What criticism there is of Predator Free 2050, which was officially announced in 2016, has come mostly from animal advocates dismayed at the large-scale suffering involved. Among conservation scientists, Predator Free 2050 has been uncontroversial — though that could change.

“Critique, especially of its scientific support, has been limited,” write Wayne Linklater, an ecologist at New Zealand’s Victoria University of Wellington, and Jamie Steer, a biodiversity advisor to the Greater Wellington Regional Council, in the journal Conservation Letters. “This is surprising because the policy appears to be flawed on multiple levels: technical, financial, social, ecological, and ethical.”

Linklater and Steer are not opposed to killing some non-native predators, who since their introduction by humans to New Zealand’s historically mammal-less islands have caused many native species to decline, especially birds. The targets of Predator Free 2050 — brushtail possums, stoats, and three rat species — are considered the most detrimental. But the idea of killing all of them, say the researchers, is simply unrealistic.

While rodents have been exterminated on smaller islands, even the largest is less than one-hundredth the size of New Zealand’s main islands. Size brings complications: miss a few animals and they quickly repopulate. Success is “reliant on yet to be invented and tested ‘silver bullet’ technologies,” write Linklater and Steer.

Among these are so-called gene drives that could rapidly spread sterility through populations — which, feasibility aside, might have irreversibly catastrophic consequences should engineered animals escape to other lands. Lacking a silver bullet, landscape-scale poison baiting — a controversial tactic that kills many non-target creatures — will remain Predator Free 2050’s stock tool, at an estimated cost of $1 billion per year. That’s close to 1 percent of the country’s GDP, and vastly more than the $97 million allotted so far.

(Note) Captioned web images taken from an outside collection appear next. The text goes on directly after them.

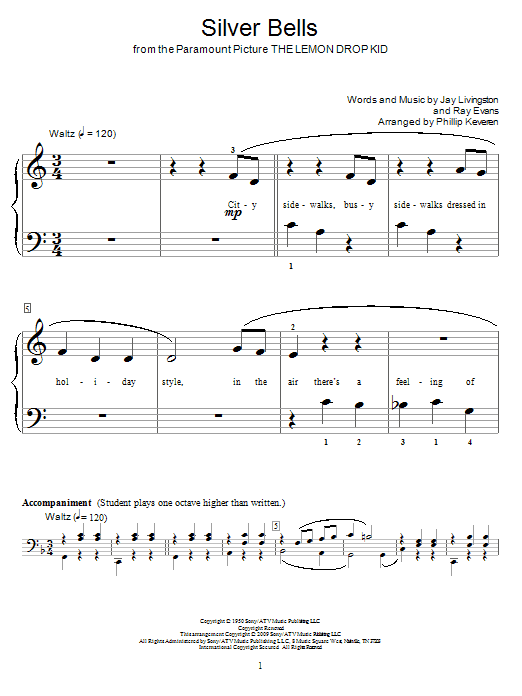 Product gallery: Page 1 of 1 Silver Bells (arr. Phillip Keveren), Jay Livingston
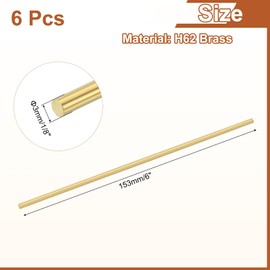 sourcing map 6 Pcs 1/8"(3mm) Dia Brass Solid Round Rod, 6"(153mm) Length H62 Brass Lathe Bar Stock Round Brass Rod for DIY Crafts Industry Construction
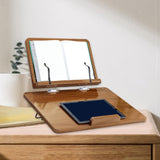 Maxbell Wooden Book Stand Textbooks Page Paper Clips Office Laptop Books Holder Tray Brown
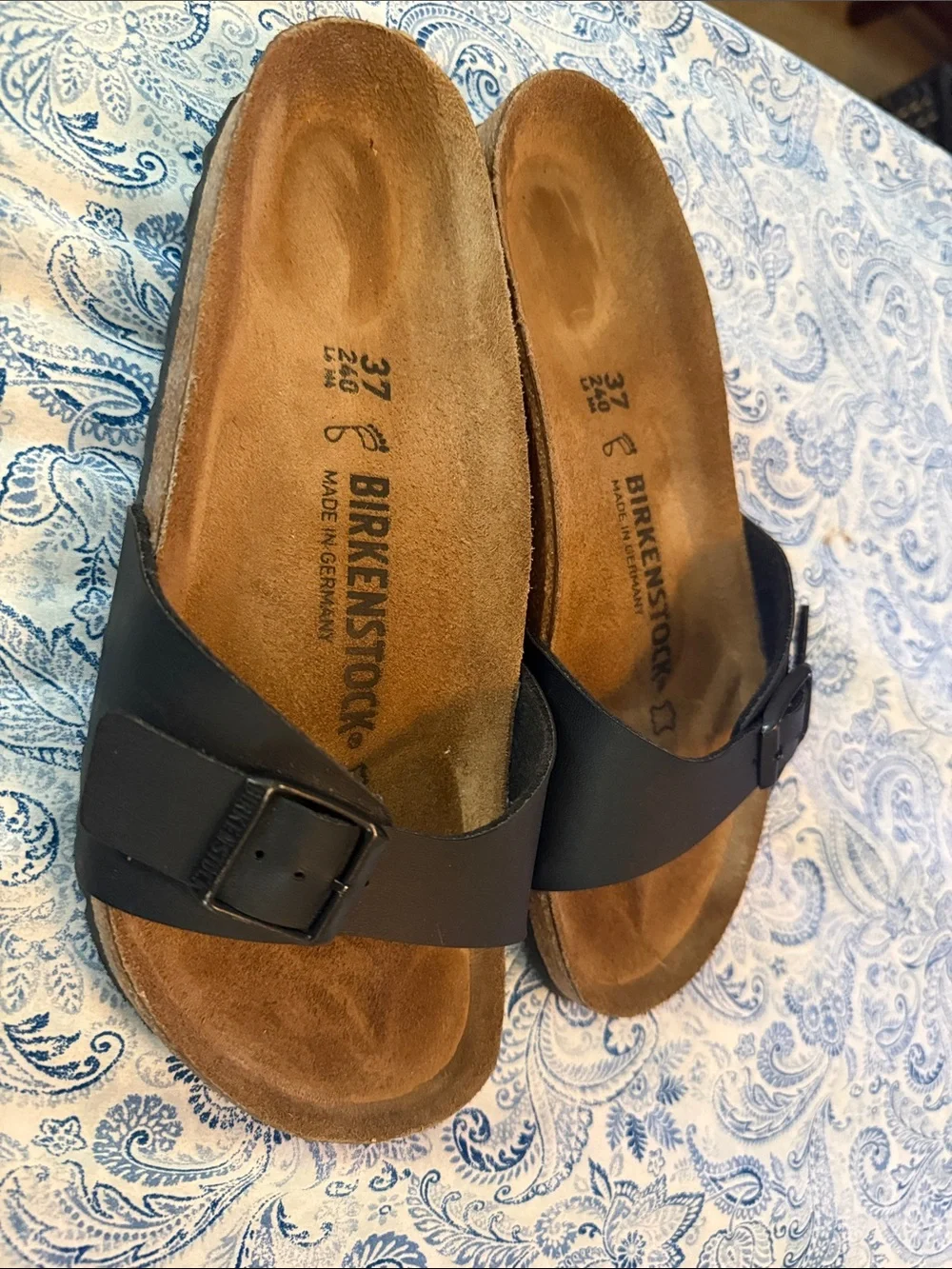Birkenstock Black Slip-On Cork Footbed Sandals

“Nonetheless, if scale, unproven technologies, and uncertain finance were the only challenges, eradicating the five mammals might, eventually, be possible,” write Linklater and Steer. Yet there are more challenges: Predator Free 2050 doesn’t account for six other non-native predators and 20 species of introduced herbivores, all of which “interact in complex ways with each other and indigenous species.” Eradicating some will likely have unintended, unexpected consequences, such as the irruption of non-native prey.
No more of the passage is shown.